MATERIAL TO PROCESS –
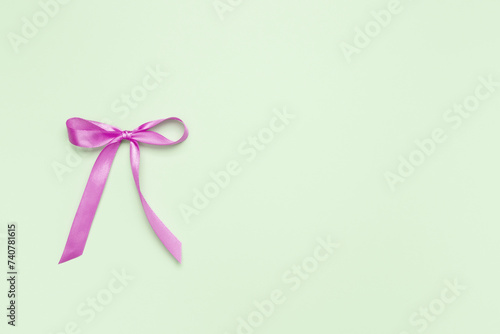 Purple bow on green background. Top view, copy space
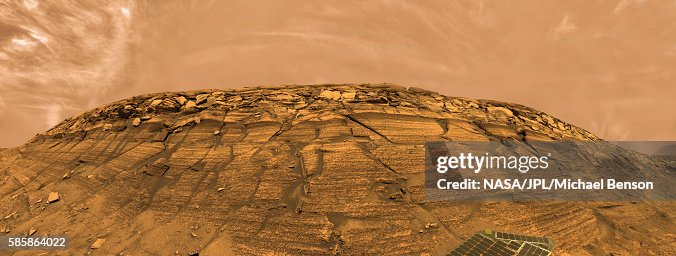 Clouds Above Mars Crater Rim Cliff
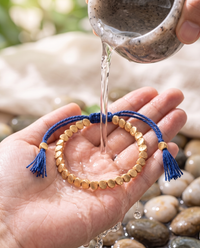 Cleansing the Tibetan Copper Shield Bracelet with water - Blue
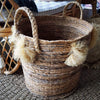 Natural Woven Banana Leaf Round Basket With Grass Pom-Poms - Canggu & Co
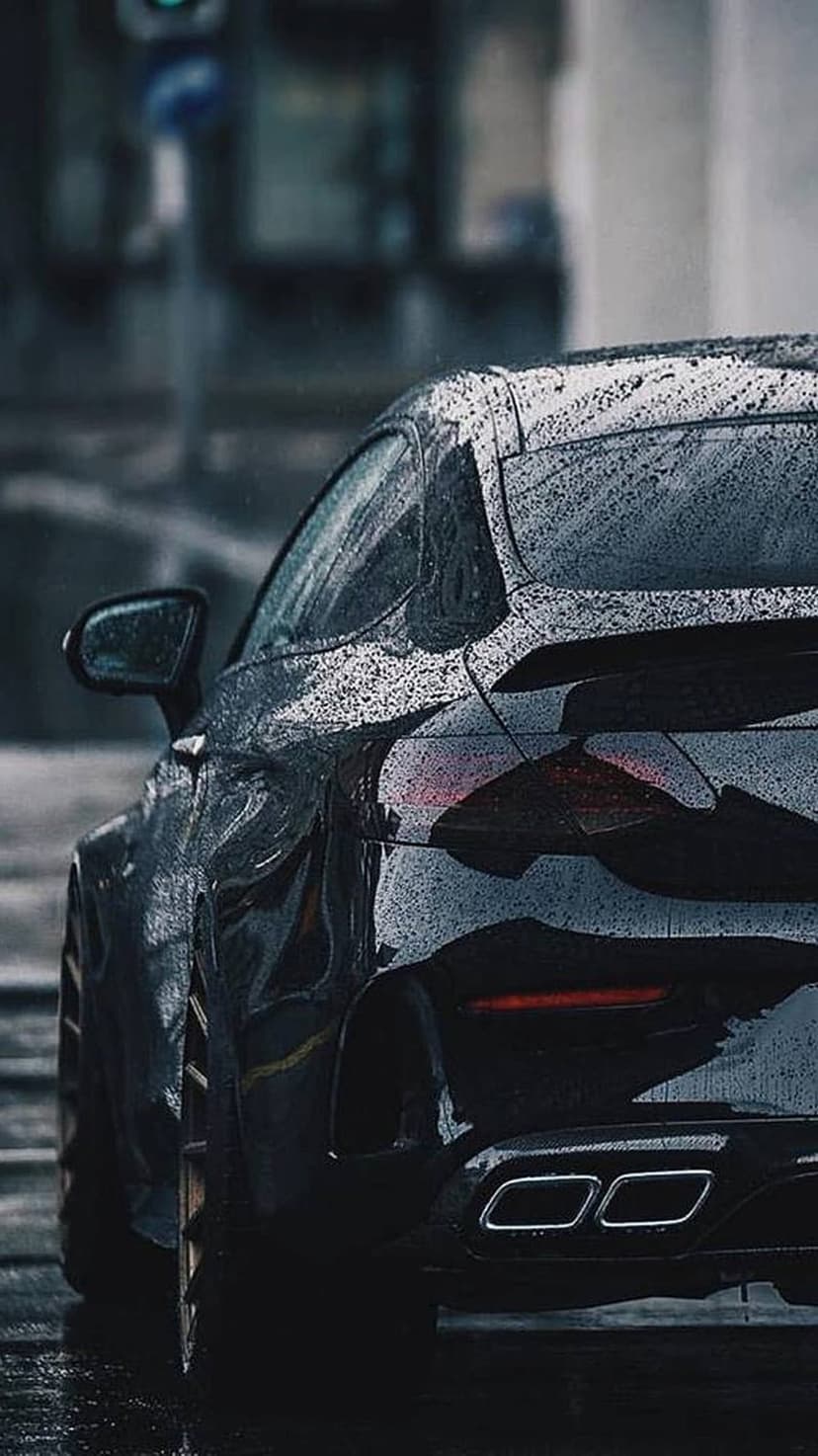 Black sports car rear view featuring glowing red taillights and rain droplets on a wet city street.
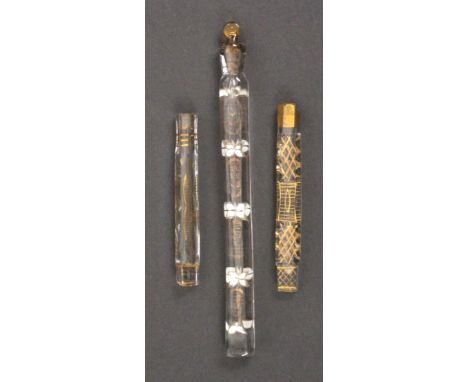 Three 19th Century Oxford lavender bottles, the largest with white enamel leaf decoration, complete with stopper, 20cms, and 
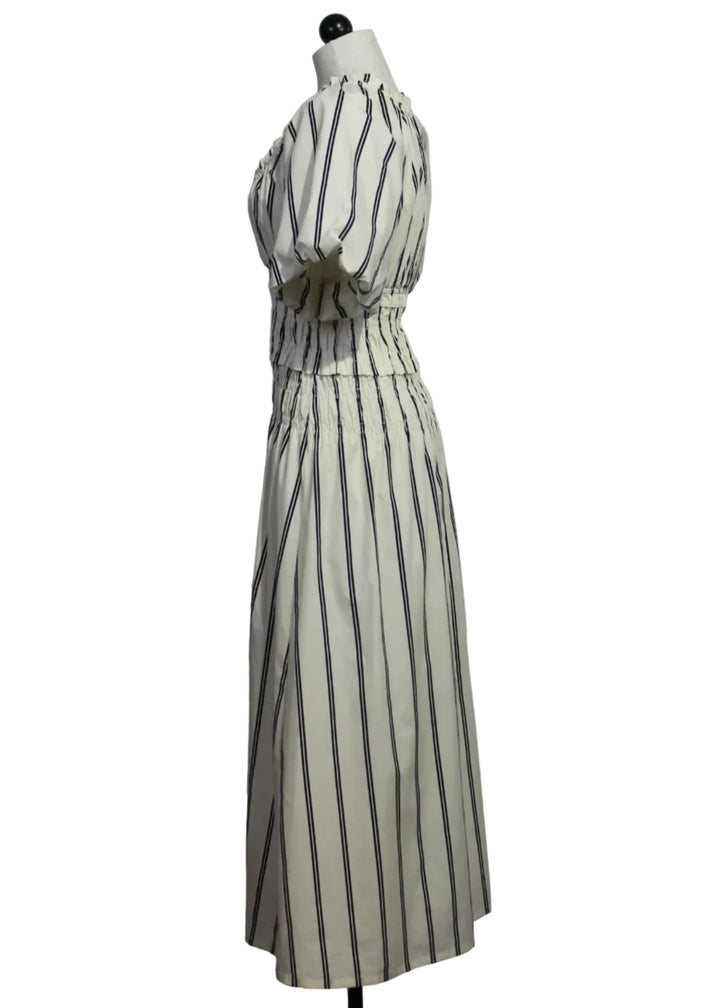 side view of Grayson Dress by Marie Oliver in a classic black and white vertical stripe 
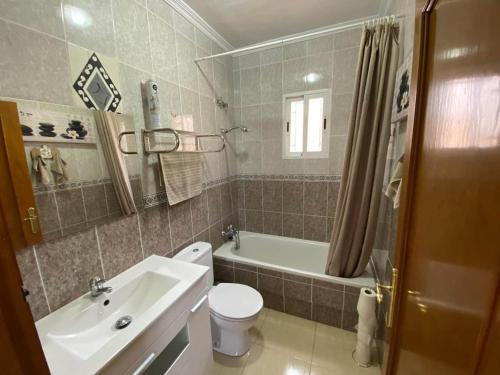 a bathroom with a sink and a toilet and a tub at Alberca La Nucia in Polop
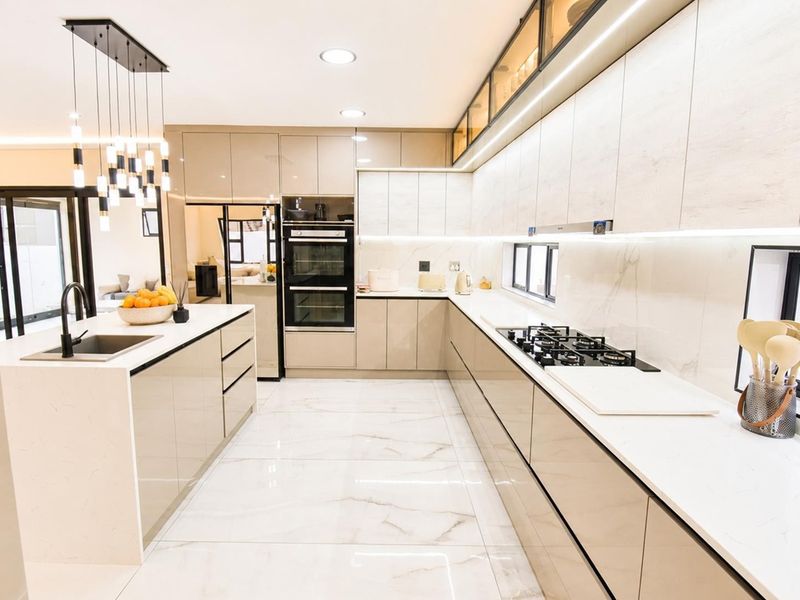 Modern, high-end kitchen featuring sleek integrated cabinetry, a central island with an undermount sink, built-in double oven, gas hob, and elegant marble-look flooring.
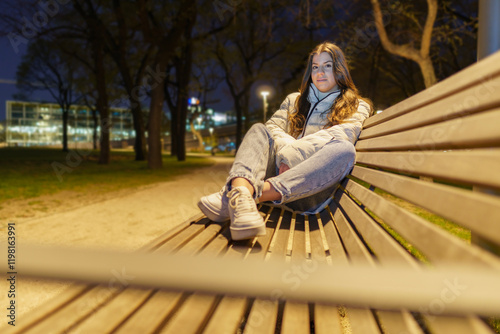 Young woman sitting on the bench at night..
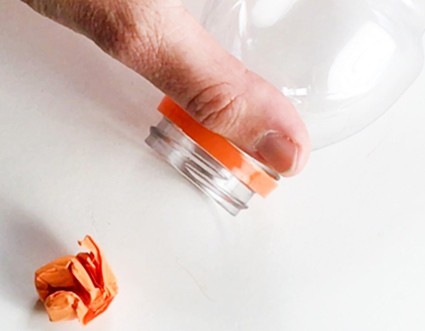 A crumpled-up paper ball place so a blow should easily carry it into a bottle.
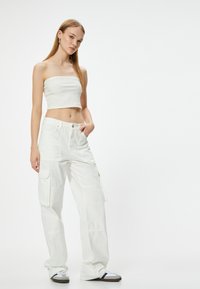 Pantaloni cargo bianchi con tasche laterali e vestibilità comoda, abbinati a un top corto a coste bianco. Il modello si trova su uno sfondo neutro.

DESCRIPTION OF THE TASK – Nothing but the lines from the one containing "a bathroom with" through the end of the entries is to be retyped, exactly as written and without pictures.

EXERCISE ANSWER –
 a bathroom with a sink and a toilet and a tub at Alberca La Nucia in Polop
 Modern, high-end kitchen featuring sleek integrated cabinetry, a central island with an undermount sink, built-in double oven, gas hob, and elegant marble-look flooring.
 Young woman sitting on the bench at night..
 A crumpled-up paper ball place so a blow should easily carry it into a bottle.
 Pantaloni cargo bianchi con tasche laterali e vestibilità comoda, abbinati a un top corto a coste bianco. Il modello si trova su uno sfondo neutro.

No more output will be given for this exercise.